Search Results

We introduce and study a game variant of the classical spanning-tree problem. Our spanning-tree game is played between two players, min and max, who alternate turns in jointly constructing a spanning tree of a given connected weighted graph G. Starting with the empty graph, in each turn a player chooses an edge that does not close a cycle in the forest that has been generated so far and adds it to that forest. The game ends when the chosen edges form a spanning tree in G. The goal of min is to minimize the weight of the resulting spanning tree and the goal of max is to maximize it. A strategy for a player is a function that maps each forest in G to an edge that is not yet in the forest and does not close a cycle. We show that while in the classical setting a greedy approach is optimal, the game setting is more complicated: greedy strategies, namely ones that choose in each turn the lightest (min) or heaviest (max) legal edge, are not necessarily optimal, and calculating their values is NP-hard. We study the approximation ratio of greedy strategies.
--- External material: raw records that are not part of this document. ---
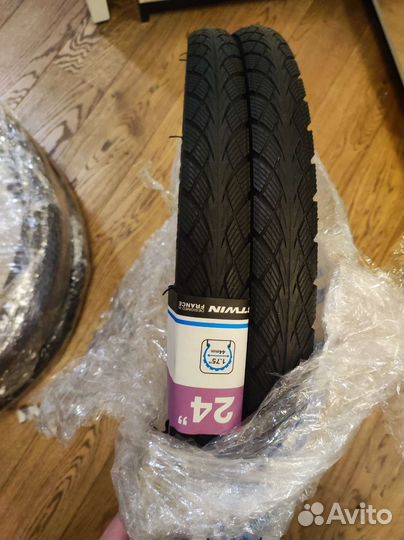 Покрышка 24 * 1,75 вело городская с камерой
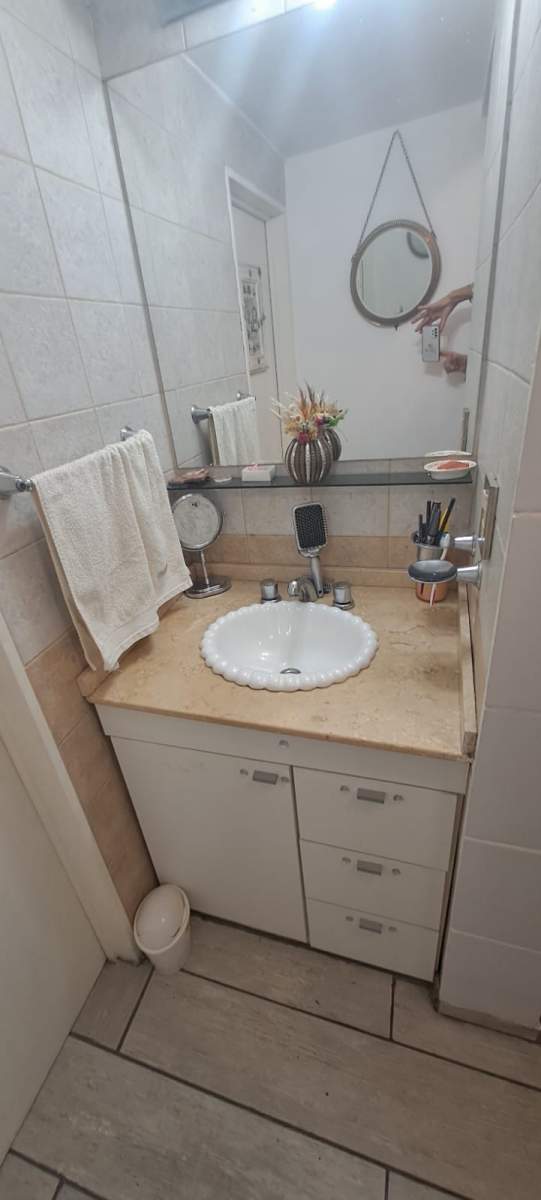 INVIERTA EN DEPTO CON COCHERA  DE 23 DORMITORIOS A CUADRAS DE NUEVA CORDOBA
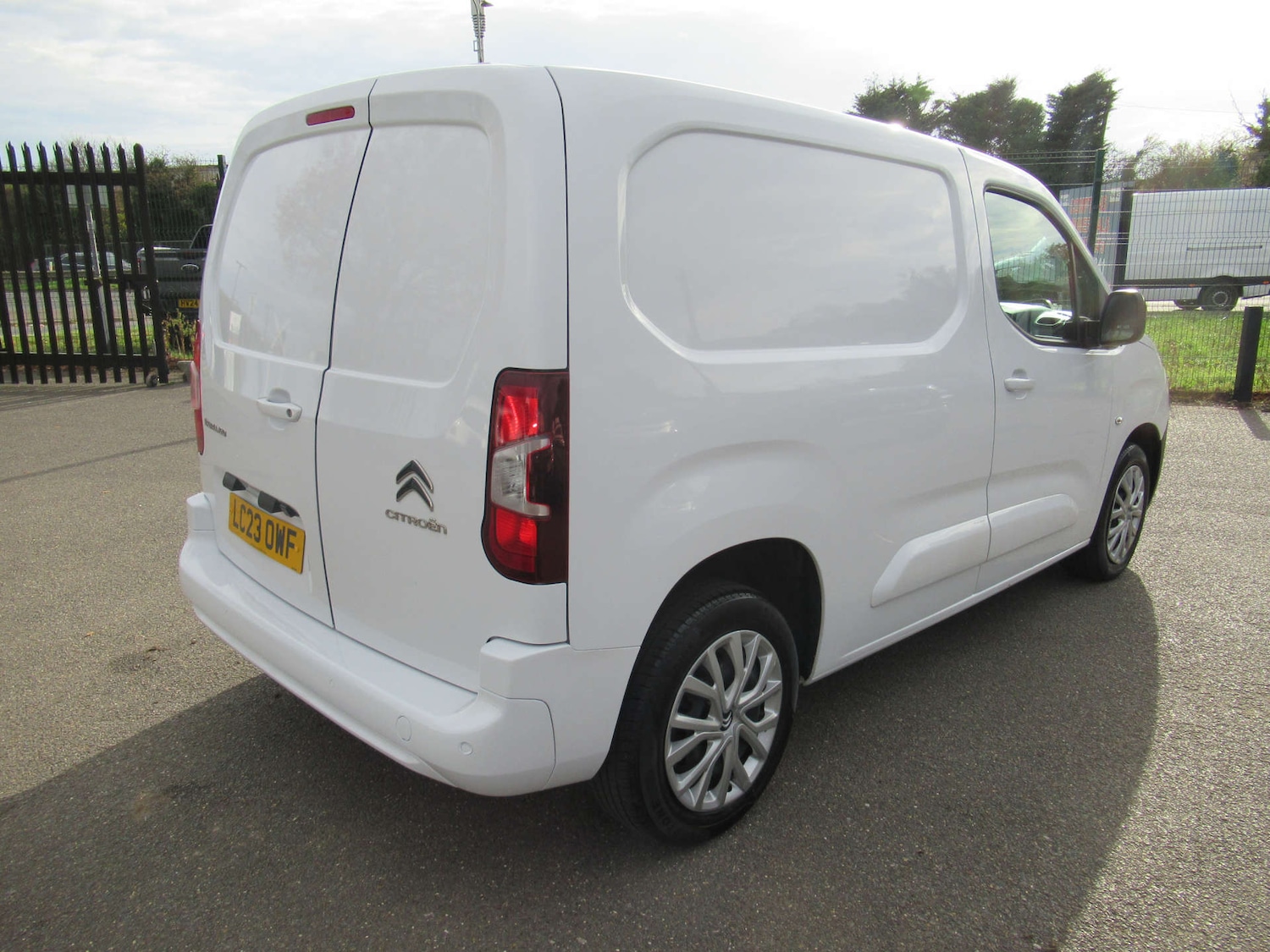 Used Citroen Berlingo 2023 for sale - 76479001: Photo 13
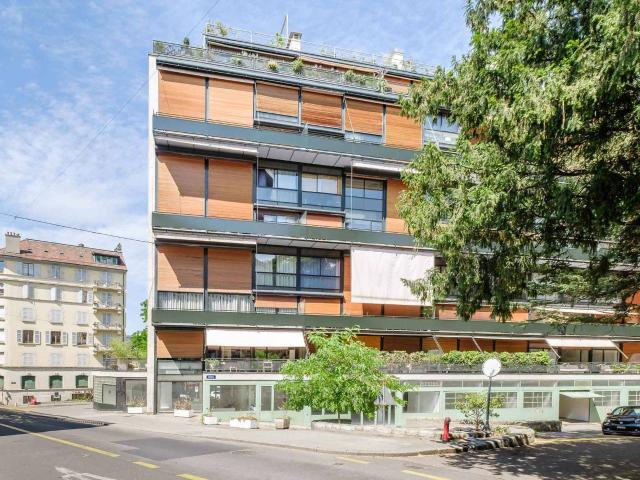 Prächtiges 9 Zimmer Doppelhaus mit Balkonen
We show that while a greedy strategy for min guarantees nothing, the performance of a greedy strategy for max is satisfactory: it guarantees that the weight of the generated spanning tree is at least w(MST(G))/2, where w(MST(G)) is the weight of a maximum spanning tree in G, and its approximation ratio with respect to an optimal strategy for max is 1.5+1/w(MST(G)), assuming weights in [0,1]. We also show that these bounds are tight. Moreover, in a stochastic setting, where weights for the complete graph K_n are chosen at random from [0,1], the expected performance of greedy strategies is asymptotically optimal. Finally, we study some variants of the game and study an extension of our results to games on general matroids.